Özellikle ELF/VLF sinyalleriyle okyanus altındaki denizaltılarla iletişim kurma çabası, HAARP’ı askeri açıdan cazip kılmıştı. Ayrıca iyonosferi değiştirerek radar sinyallerini iyileştirme potansiyeli de orduyu cezbeden unsurlar arasındaydı.
ABD Ordusu neden HAARP’tan vazgeçti?
2014’te ABD Hava Kuvvetleri, HAARP’a olan desteğini çekme kararı aldı. Hava Kuvvetleri yetkilileri, iyonosferle ilgili araştırmalarda artık farklı yönlere yönelmek istediklerini belirtti. Soğuk Savaş dönemindeki stratejik öncelikler değişmişti ve tesisin askeri önemi azalmıştı.
Yeterli finansman sağlanamayınca ordu tesisi kapatmayı planladı. Ancak bilim insanlarının girişimleriyle HAARP, Alaska Fairbanks Üniversitesi’ne devredildi ve böylece tamamen sivil amaçlara yöneldi.
Günümüzde üniversite, tesisi dış kaynaklı projelerle finanse ediyor ve kullanım başına ödeme sistemiyle çalışıyor.
Deprem ışıkları HAARP’la mı ilgili?
Kahramanmaraş depremlerinde olduğu gibi, bazı büyük sarsıntılardan önce gökyüzünde görülen mavi ışıklar HAARP’la ilişkilendiriliyor.

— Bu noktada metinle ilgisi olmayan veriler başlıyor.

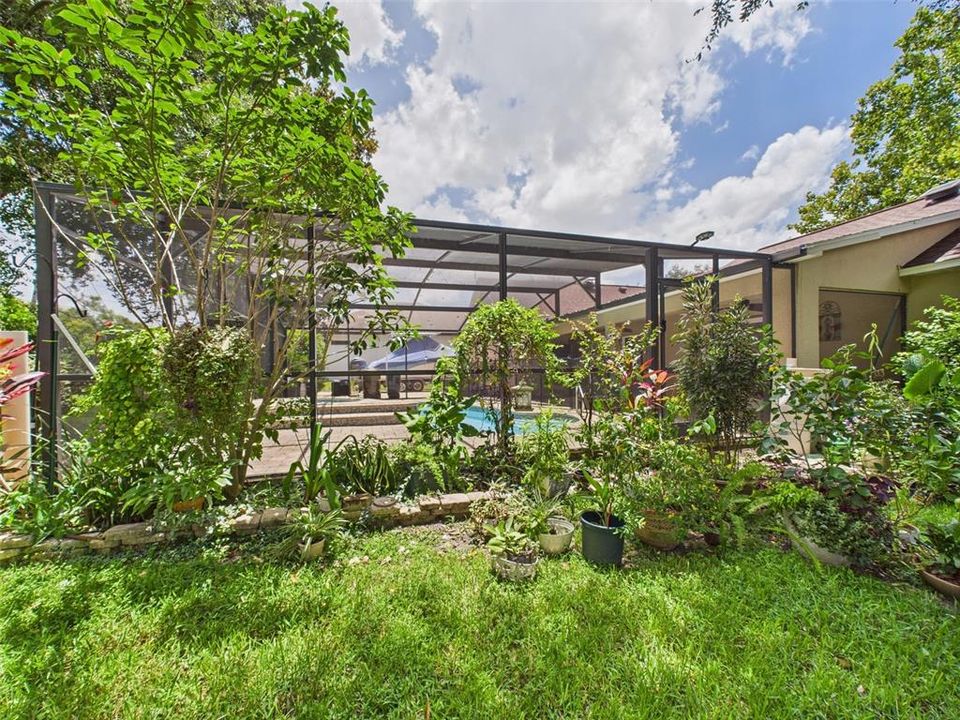 На продажу: $434,900 (3 спален, 2 ванн, 1763 Квадратных фут)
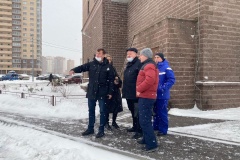Алексей Гульчук оценил качество уборки от снега дворов Невского района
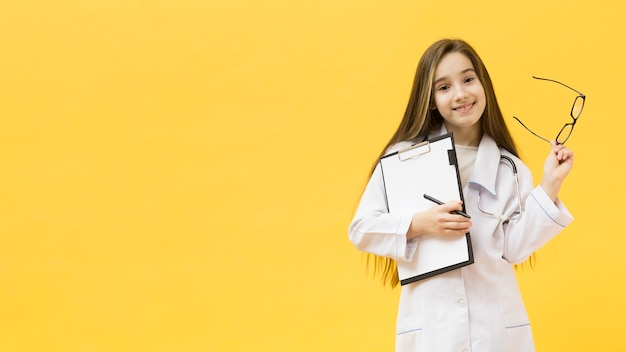 Menina, segurando o espaço vazio de cópia de transferência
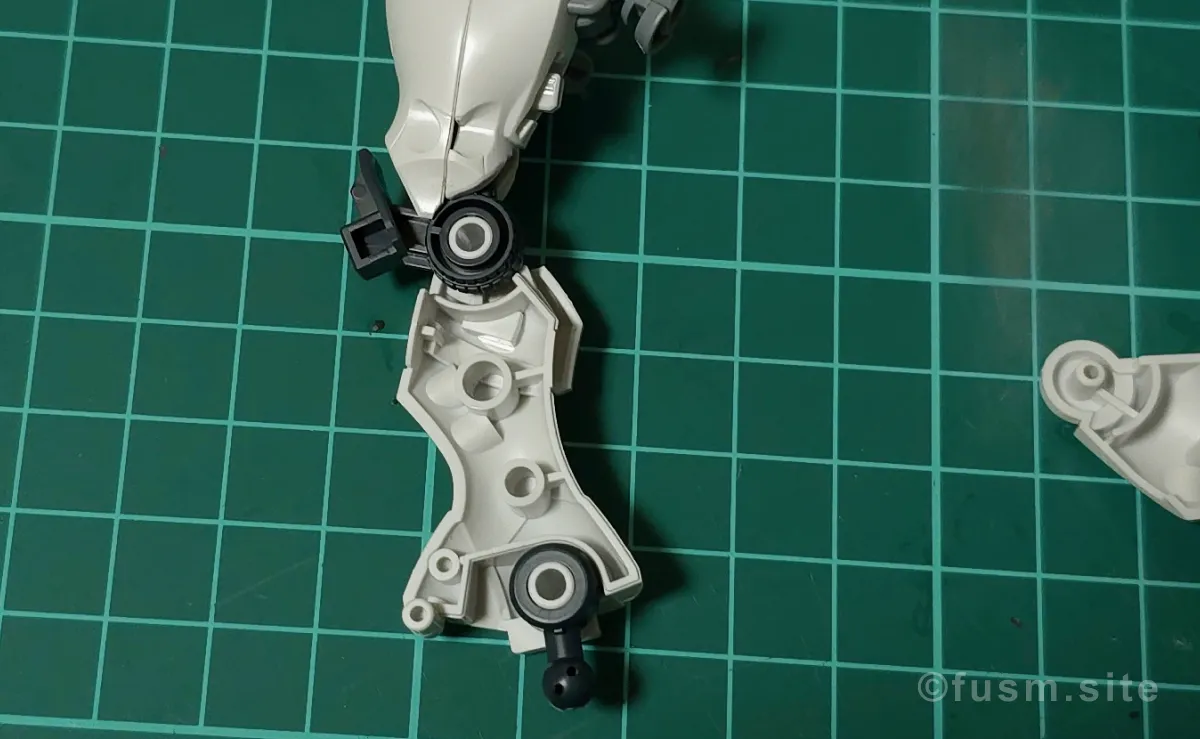 【レビュー】HG 1/144 エグザベ専用ギャン(ハクジ装備) パーツ・構造・組み立て 05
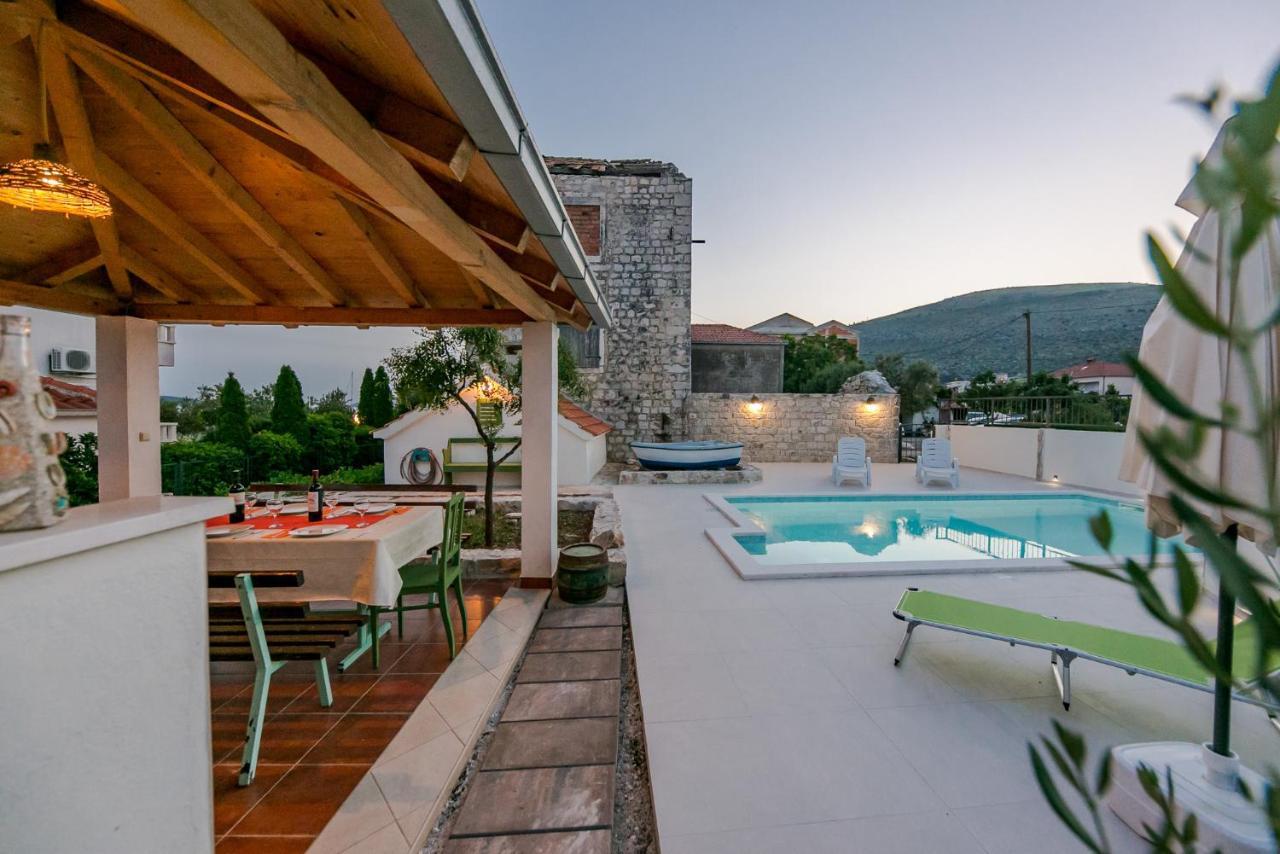 Seaside Villa Mia Trogir Exterior photo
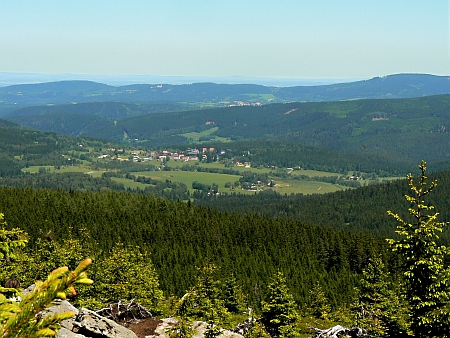 Pohled na Srní, Kašperské Hory a Kašperk v pozadí z hory Oblík (Steiningberg)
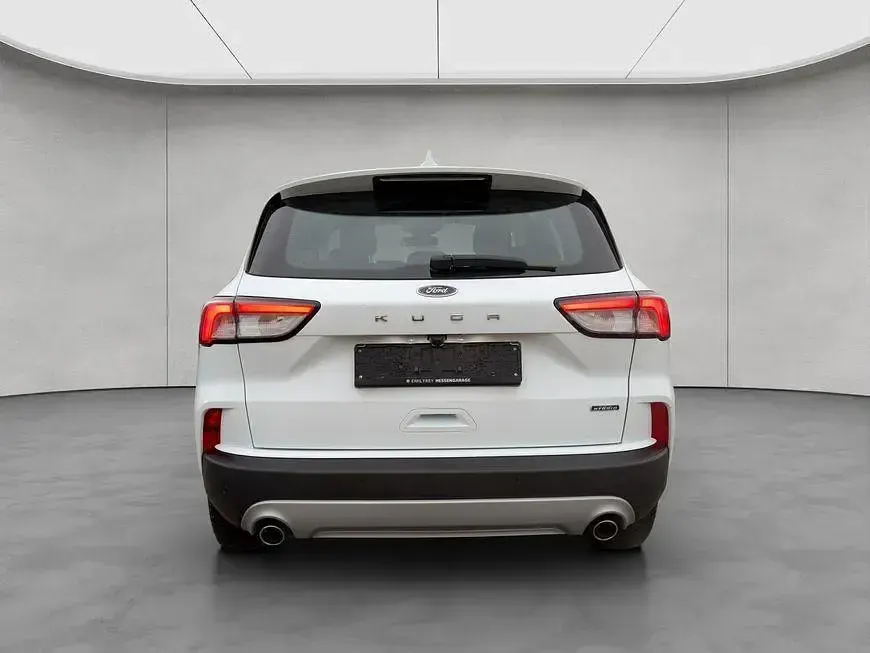 Gebraucht Ford Kuga Titanium 224 PS (164 kW) 2022 Weiß SUV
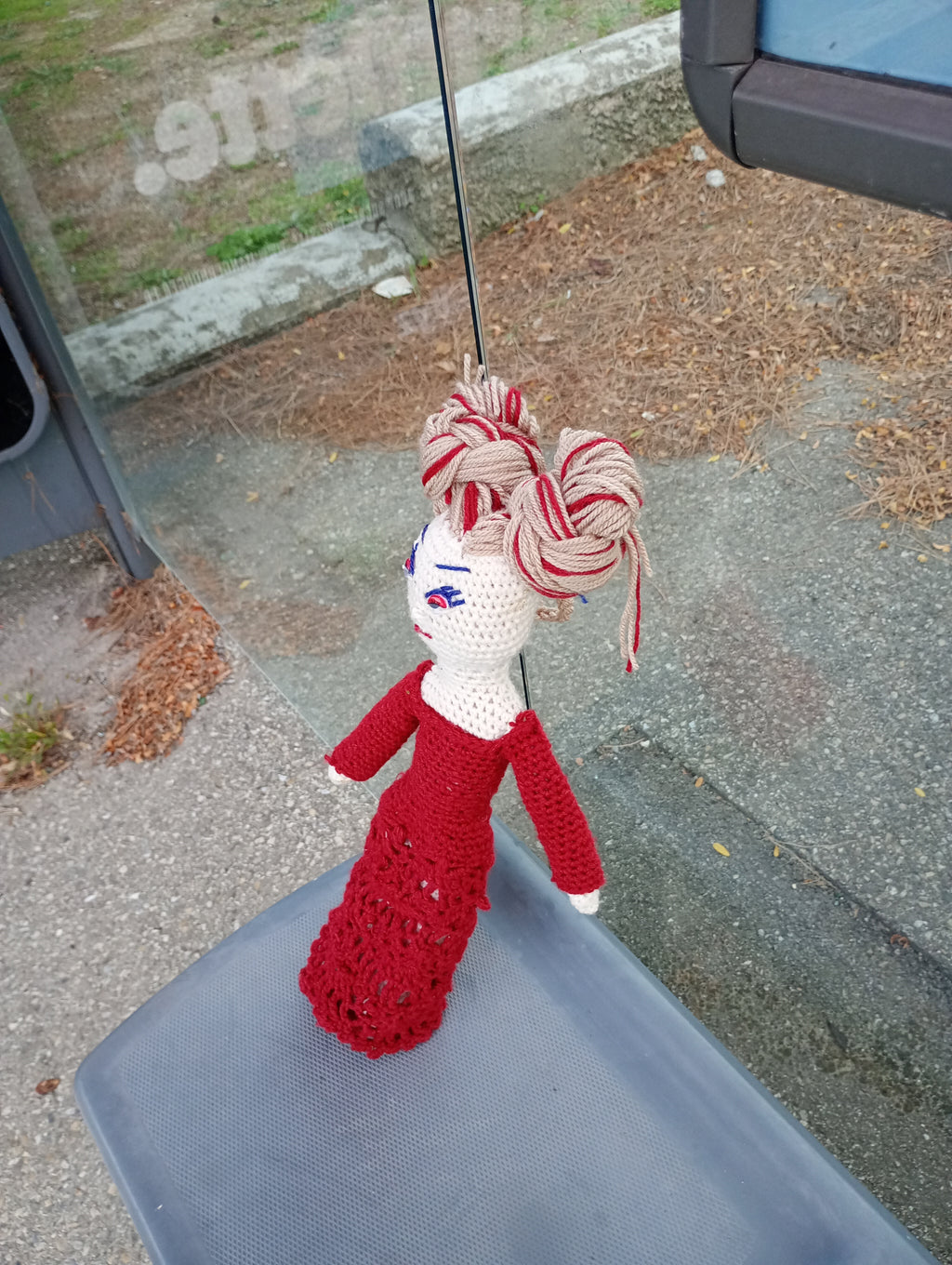 Poupe exsclusive crochet madame Botdeix 40cm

Ancak bu tür ışıklar, bilim dünyasında “deprem ışıkları” olarak tanımlanıyor.
TÜBİTAK’ın yayımladığı bir çalışmada, Şili, Yeni Zelanda ve Peru gibi ülkelerde gözlemlenen ışıkların, elektromanyetik radyasyondan çok tektonik hareketlerle ilişkili olduğu vurgulanmıştı. Bu ışıkların kaynağı, yer kabuğundaki hareketlerin oluşturduğu elektriksel yük boşalmaları.
HAARP depremleri tetikleyebilir mi?
Bazı teorilere göre HAARP, yüksek frekanslı radyo dalgaları ya da lazerler aracılığıyla yer kabuğunu etkileyip depremleri tetikleyebiliyor. Ancak HAARP’ın yaydığı sinyaller, yalnızca iyonosferle etkileşim kurabilecek şekilde tasarlanmıştır.
Bu sinyaller, yerin sadece birkaç metre altına kadar nüfuz edebiliyor. Oysa büyük depremler, genellikle kilometrelerce derinlikteki levha hareketlerinden kaynaklanıyor.
Ayrıca HAARP’ın üretebildiği enerji miktarı, bir depremin açığa çıkardığı enerjiyle kıyaslandığında son derece küçüktür.
Şu ana dek HAARP’ın sinyalleri ile sismik olaylar arasında herhangi bir doğrudan ilişkiyi ortaya koyan bilimsel bir veri bulunmuyor. Depremlerin yapay yollarla tetiklenebileceğini doğrulayan somut bir kanıt da mevcut değil.